* [What is needed]:
Exactly the lines below, starting with the one containing "Harley-Davidson Softail Low" and going on through the one containing "bontott VW POLO V Biztosítéktábla Motortér", must be reproduced, both ends included, and no pictures with them.

* [Data for this task]:
■ ■ ■
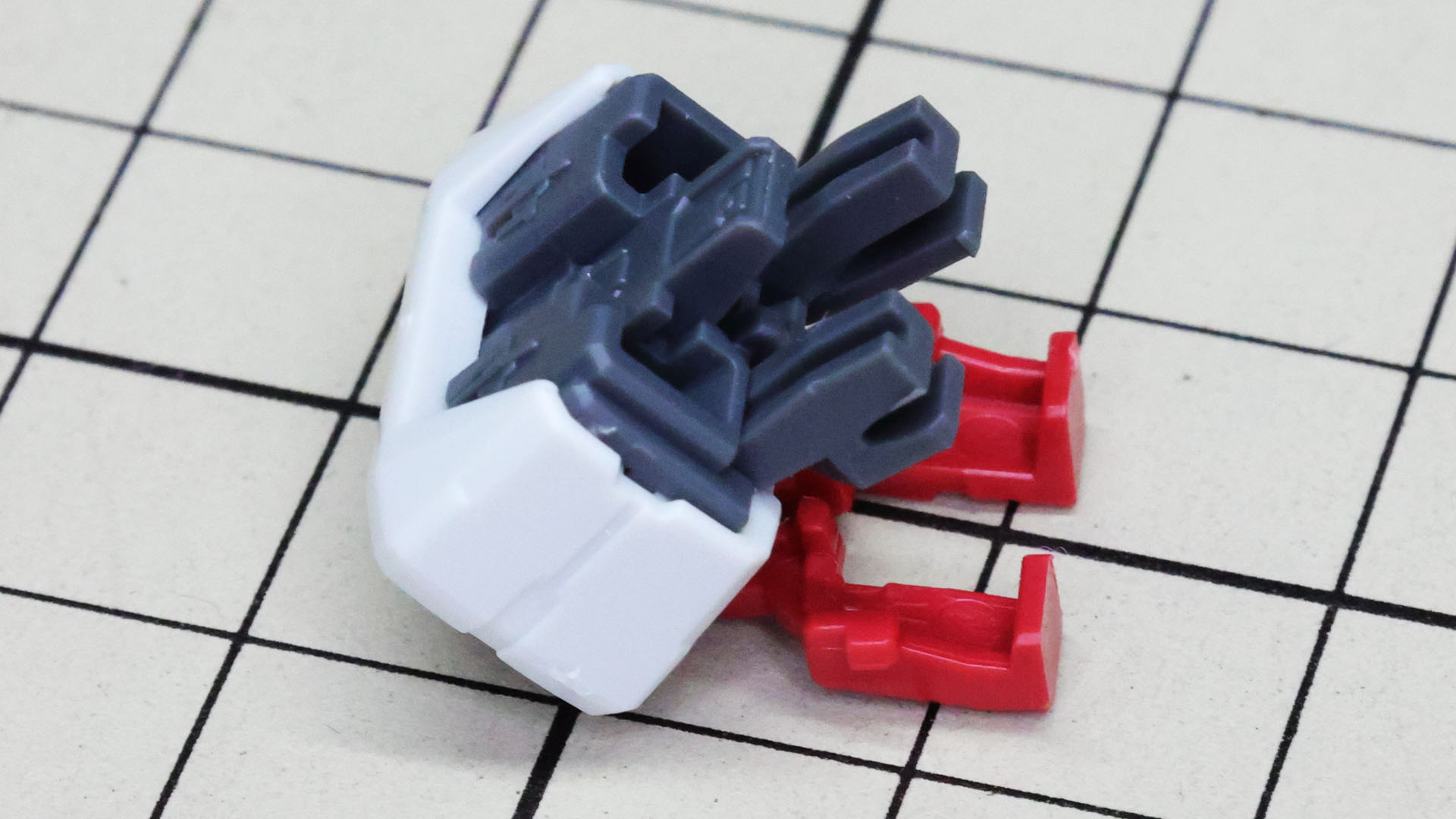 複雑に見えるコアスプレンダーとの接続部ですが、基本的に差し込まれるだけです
■ ■ ■
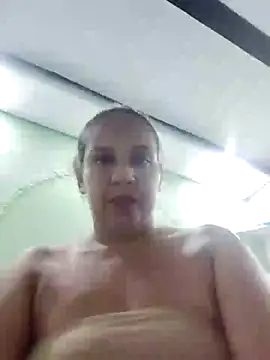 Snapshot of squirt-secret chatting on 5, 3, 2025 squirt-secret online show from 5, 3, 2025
■ ■ ■
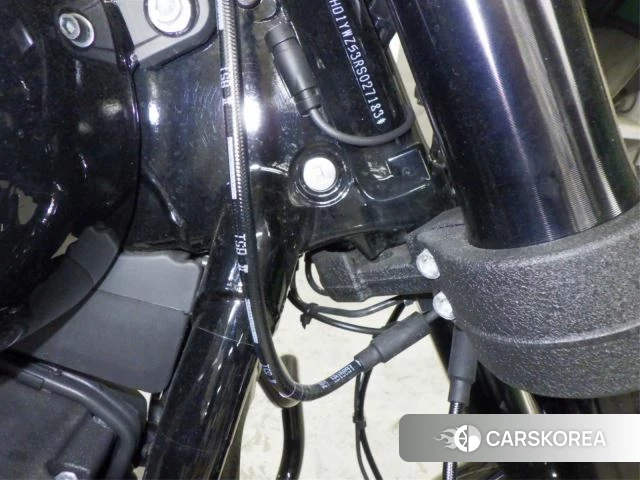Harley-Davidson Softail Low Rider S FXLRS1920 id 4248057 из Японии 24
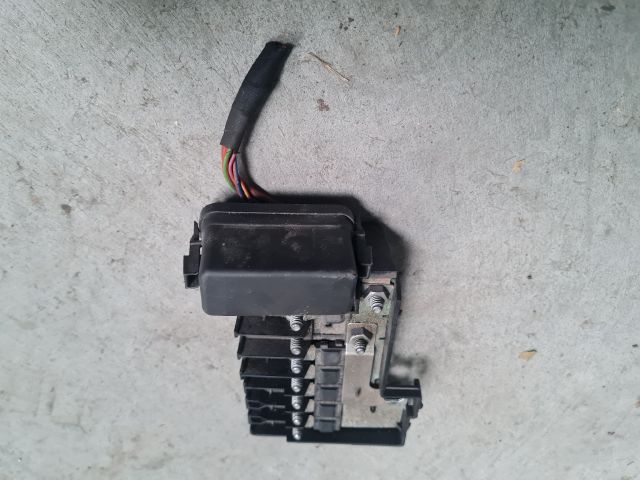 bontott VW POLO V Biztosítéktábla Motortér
■ ■ ■
* [Reply to the task]:
Harley-Davidson Softail Low Rider S FXLRS1920 id 4248057 из Японии 24
 bontott VW POLO V Biztosítéktábla Motortér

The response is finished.